Anyhow, to answer your question....You are right. Watching porn is a sin, and it sounds like the Lord has been revealing that to you. The Bible tells us that, as Christians, we are to dwell on things that are pure, and to abstain from fleshly lust. Pornography is a sin because it involves dwelling on lustful things....the lust of the eyes, to be exact. The Bible also tells us, though, in 1 Cor. 10:13:

no temptation has overtaken you except such as is common to man; but God is faithful, who will not allow you to be tempted beyond what you are able, but with the temptation will also make a way of escape, that you may be able to bear it.

That's really great news, because it tells us that we don't have to watch porn...God will always make a way out for us. I really think that God led you to the Pink Cross website in order to give you that way out, to deter you from watching it.

That doesn't mean that you won't get tempted, or that getting tempted makes you a bad person. We all get tempted regarding certain things, but God can help us overcome that temptation...and you're right. We can't do it on our own. That's where the Holy Spirit comes in:

Gal. 5:16 I say then, walk in the Spirit, and you will not fulfill the lusts of the flesh. That doesn't mean that you won't get tempted...just that when you do get tempted, if the Holy Spirit is working in you, He will convict you, and you will want to look at porn less and less, but you need to pray to the Lord for strength, because you won't be able to resist in your own strength.

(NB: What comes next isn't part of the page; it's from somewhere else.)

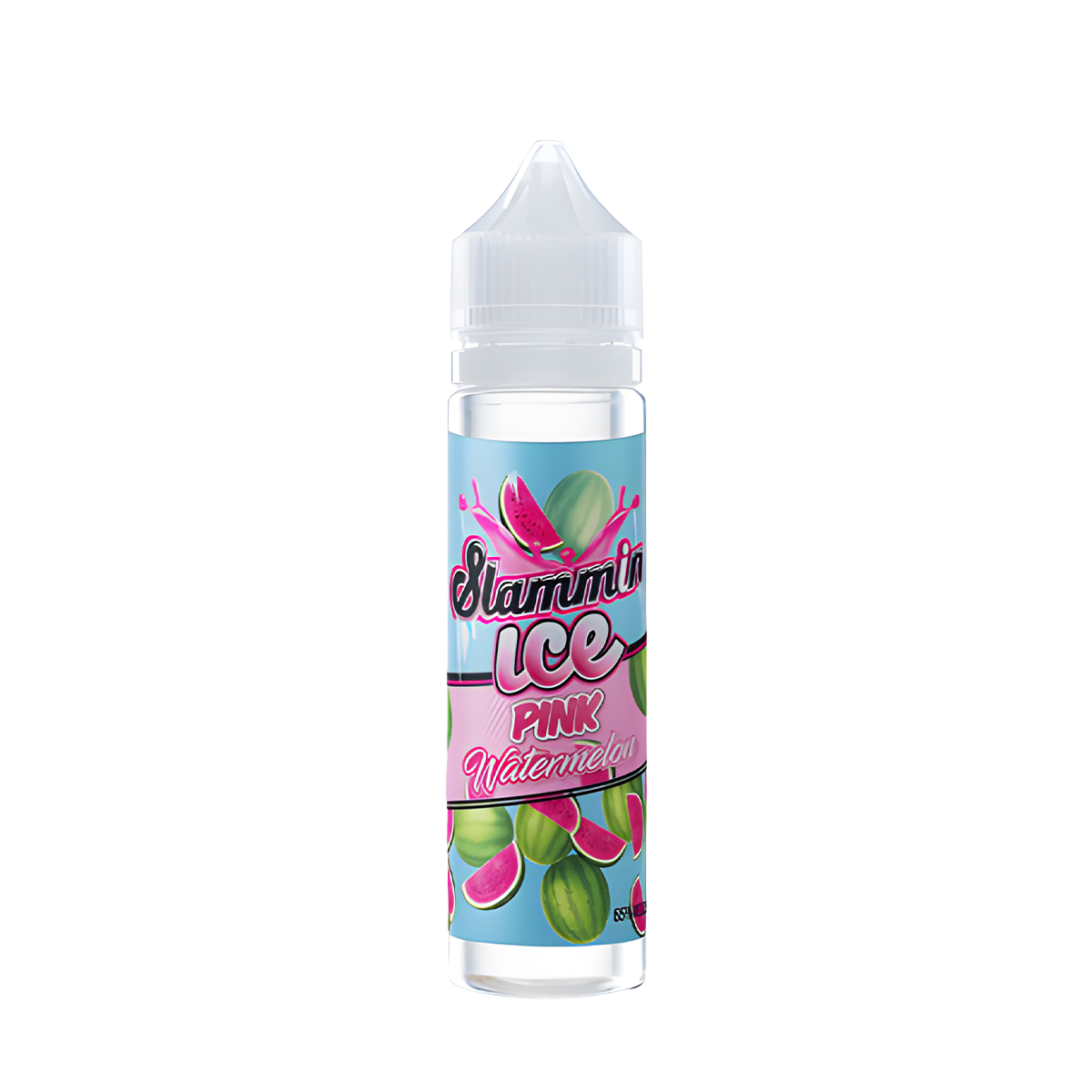 Slammin Freebase Vape Juice | 0 ~ 6 Mg Nic in 8 Flavors Slammin Freebase Vape Juice | 0 ~ 6 Mg Nic in 8 Flavors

Whatever you do, don't give up!! That's exactly what the enemy wants you to do. He wants you to give up, and admit defeat, but the Bible tells us that in Christ, we are more than conquerers.

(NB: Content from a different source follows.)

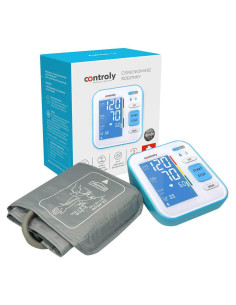 Ciśnieniomierz rodzinny Controly 1 sztuka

I just want to encourage you to press on in the Lord. Stay away from the computer if you have to. Also, you said that you used to go to church every weekend? You definitely need to start going to church again on a regular basis, and getting grounded in some sort of fellowship, with people who can pray for you, support you, encourage you, and help you. That's probably one of the main reasons why it's so hard for you.

You're at a place where you need to start getting serious about your relationship with God.

Please contine to let us know how you're doing.